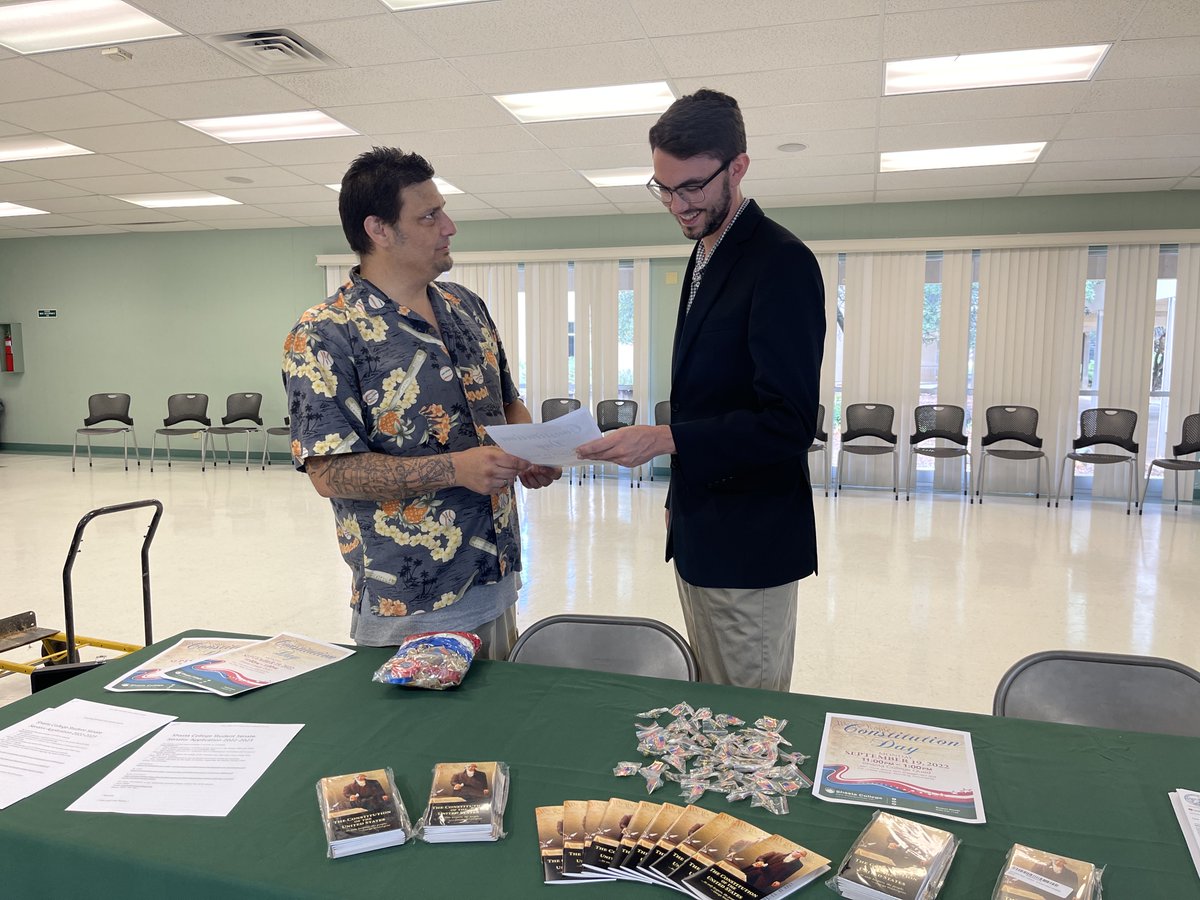 ShastaCollege's tweet photo. Hey Knights! Swing by our table on the Student Center Stage in the cafeteria from 11-1 today to pick up your pocket constitution, American Flag lapel pin, talk with our Student Senate, and meet Breyden from Senator Brian Dahle office! #scConstitutionDay #scVote #scRegister2vote https://t.co/g74JMgj8qC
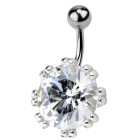 Navel piercing with round clear zircon, giant flower
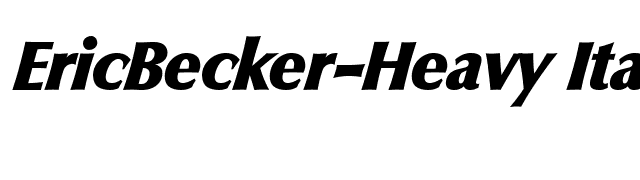 EricBecker-Heavy Italic font preview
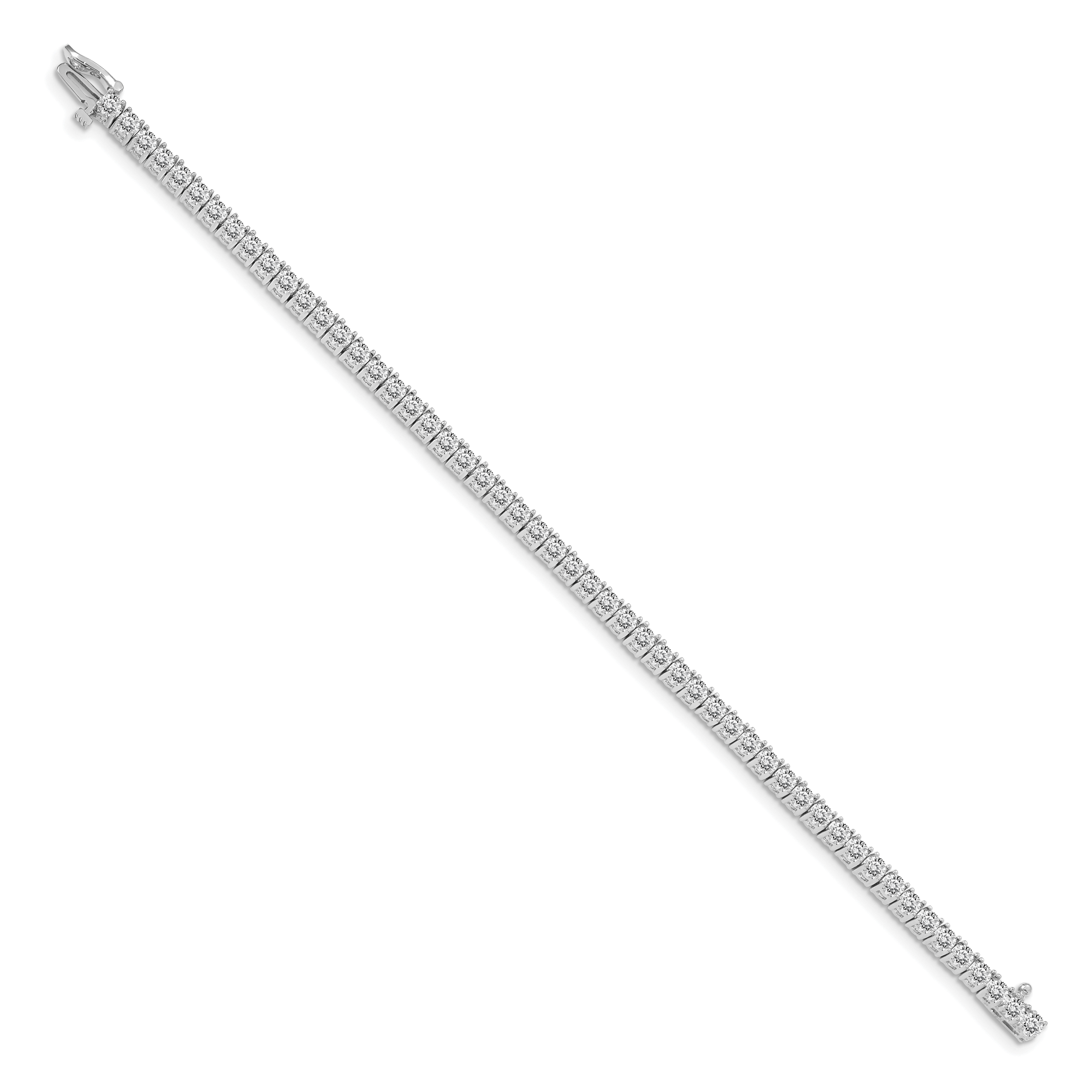 14k White Gold Complete 4.92 carat Round A Diamond 4-prong 7 inch Tennis Bracelet X603WA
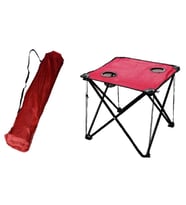 Kırmızı Katlanır Kamp Masası 47 cm Kare 2 Gözlü Taşıma Çantalı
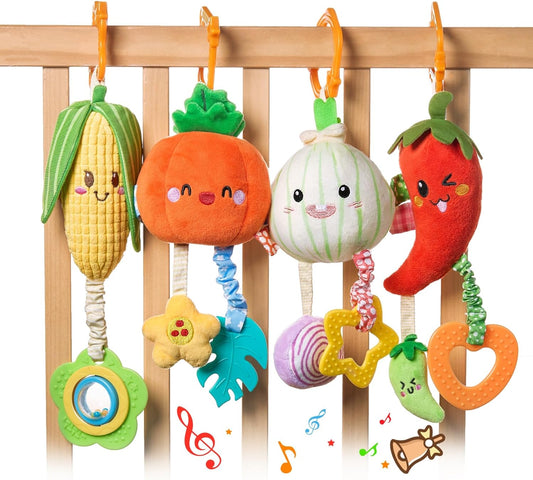 TUMAMA Hanging Baby Toys, 4 Pack Vegetable Crib Stroller Baby Gym Mobile Plush Toys, Early Baby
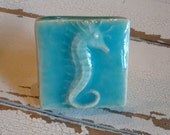 Sea Horse Art Tile Cabinet Knob Drawer Pull Beach Decor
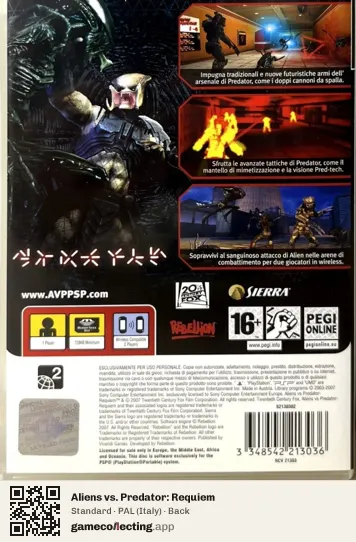 Aliens vs. Predator: Requiem PlayStation Portable, Italy box back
++++++
ACTION ITEM —
With all pictures omitted, repeat every record above word for word.

EXERCISE ANSWER —
 ShastaCollege's tweet photo. Hey Knights! Swing by our table on the Student Center Stage in the cafeteria from 11-1 today to pick up your pocket constitution, American Flag lapel pin, talk with our Student Senate, and meet Breyden from Senator Brian Dahle office! #scConstitutionDay #scVote #scRegister2vote https://t.co/g74JMgj8qC
 Navel piercing with round clear zircon, giant flower
 EricBecker-Heavy Italic font preview
 14k White Gold Complete 4.92 carat Round A Diamond 4-prong 7 inch Tennis Bracelet X603WA
 Kırmızı Katlanır Kamp Masası 47 cm Kare 2 Gözlü Taşıma Çantalı
 TUMAMA Hanging Baby Toys, 4 Pack Vegetable Crib Stroller Baby Gym Mobile Plush Toys, Early Baby
 Sea Horse Art Tile Cabinet Knob Drawer Pull Beach Decor
 Aliens vs. Predator: Requiem PlayStation Portable, Italy box back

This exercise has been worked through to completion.